**WHAT THE EXERCISE ASKS**
Set down the final stretch of the data, from the line that holds "Polo bicolore en cachemire Marni" through the last line, both included, with pictures left out.

**INPUT FOR THIS TASK**
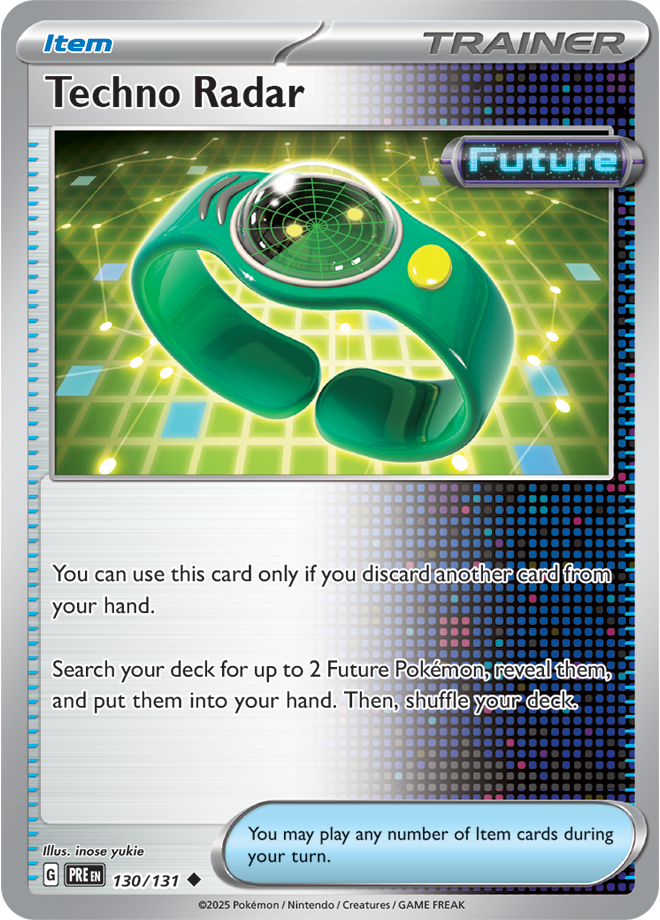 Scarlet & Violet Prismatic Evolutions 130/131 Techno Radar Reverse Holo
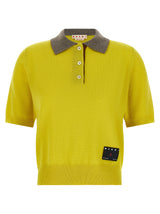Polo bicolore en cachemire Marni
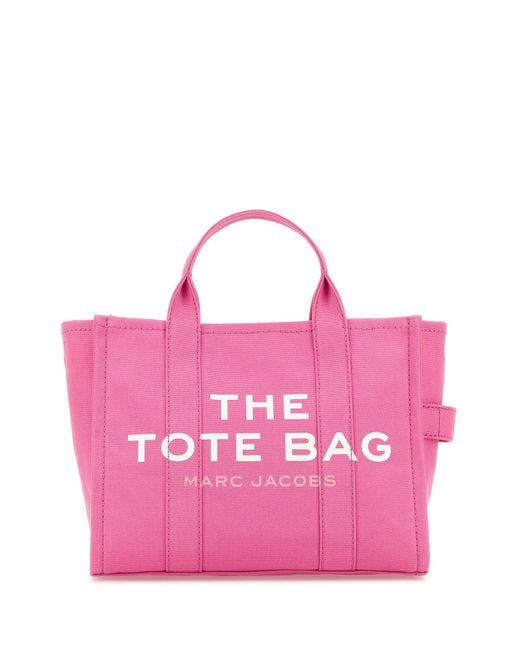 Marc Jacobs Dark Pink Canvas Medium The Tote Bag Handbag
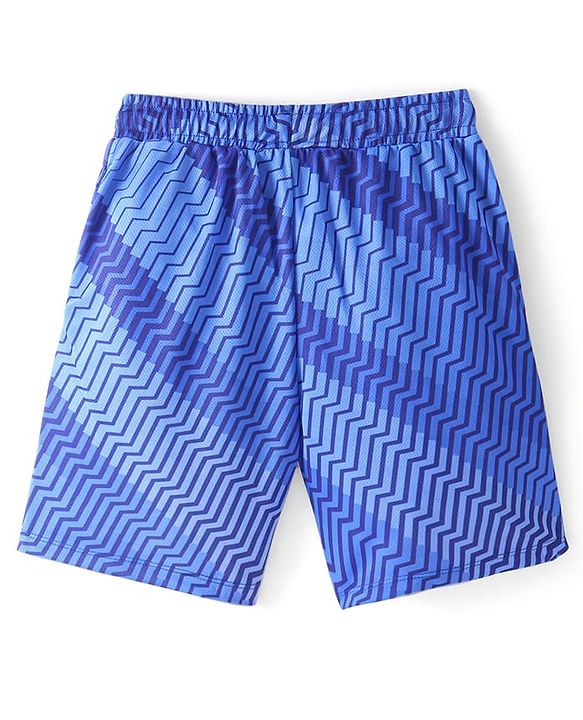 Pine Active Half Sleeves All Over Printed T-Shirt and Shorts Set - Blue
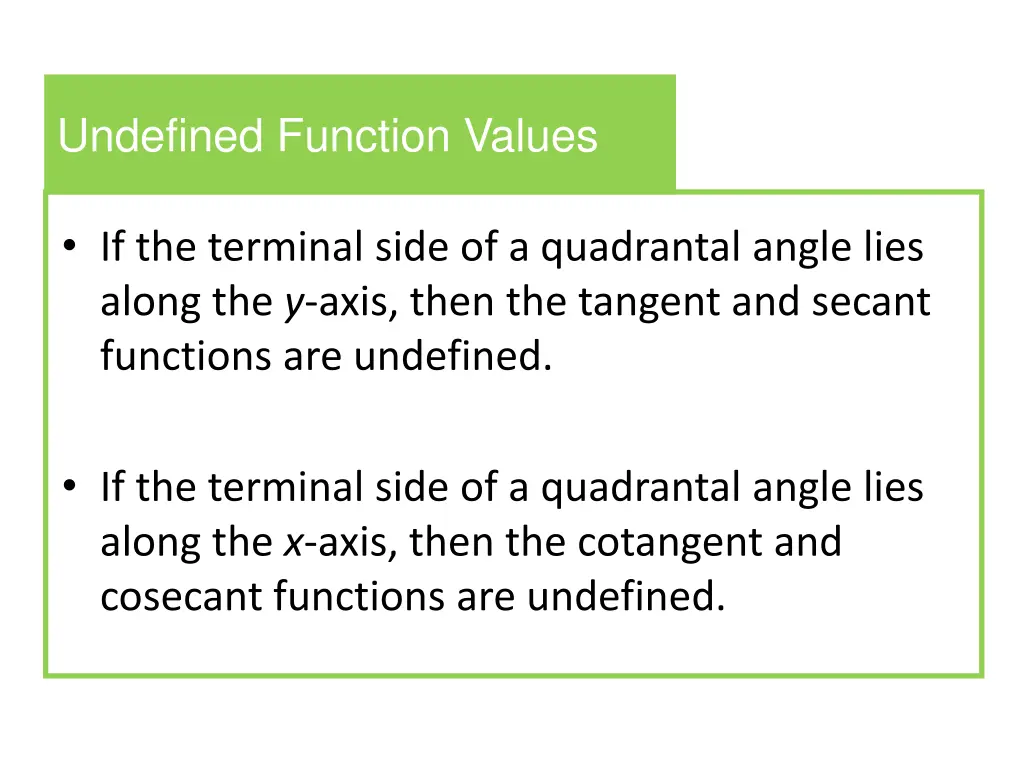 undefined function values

**TASK ANSWER**
Polo bicolore en cachemire Marni
 Marc Jacobs Dark Pink Canvas Medium The Tote Bag Handbag
 Pine Active Half Sleeves All Over Printed T-Shirt and Shorts Set - Blue
 undefined function values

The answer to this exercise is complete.